#### Aim of the exercise
Transcribe the entries exactly as given and skip whatever images they hold.
Segment Start: Data to process
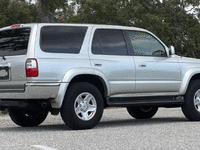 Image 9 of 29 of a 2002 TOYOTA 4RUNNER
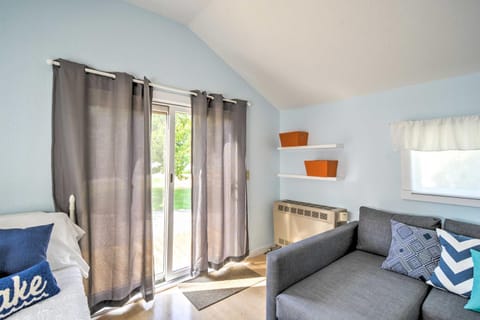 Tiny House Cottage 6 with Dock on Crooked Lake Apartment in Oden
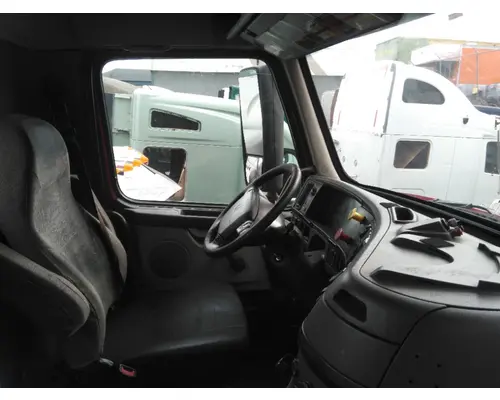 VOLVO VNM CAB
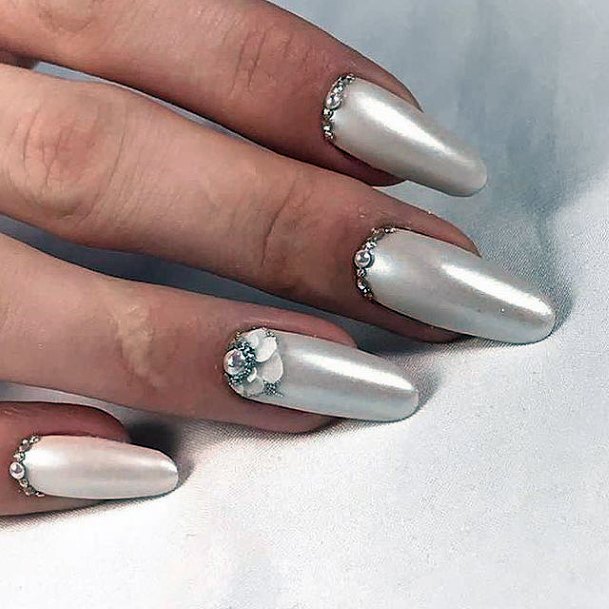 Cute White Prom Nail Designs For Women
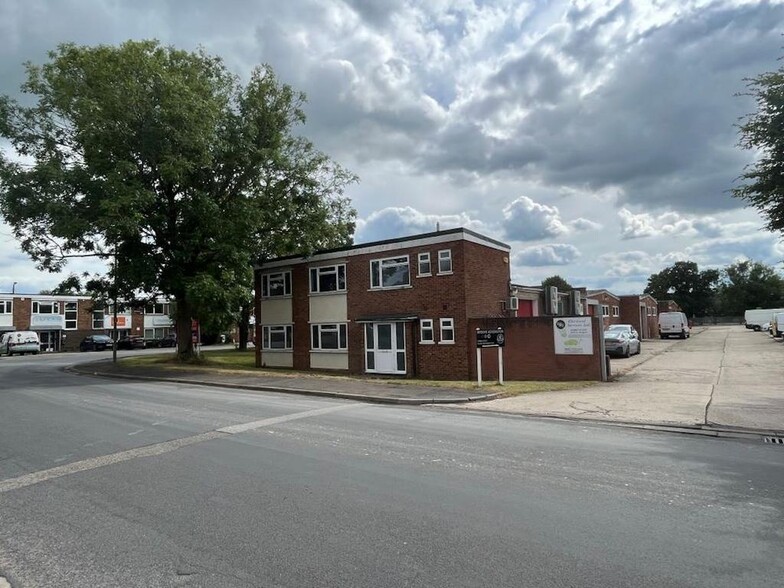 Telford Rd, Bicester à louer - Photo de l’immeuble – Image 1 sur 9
Segment End: Data to process
#### Written reply
 Image 9 of 29 of a 2002 TOYOTA 4RUNNER
 Tiny House Cottage 6 with Dock on Crooked Lake Apartment in Oden
 VOLVO VNM CAB
 Cute White Prom Nail Designs For Women
 Telford Rd, Bicester à louer - Photo de l’immeuble – Image 1 sur 9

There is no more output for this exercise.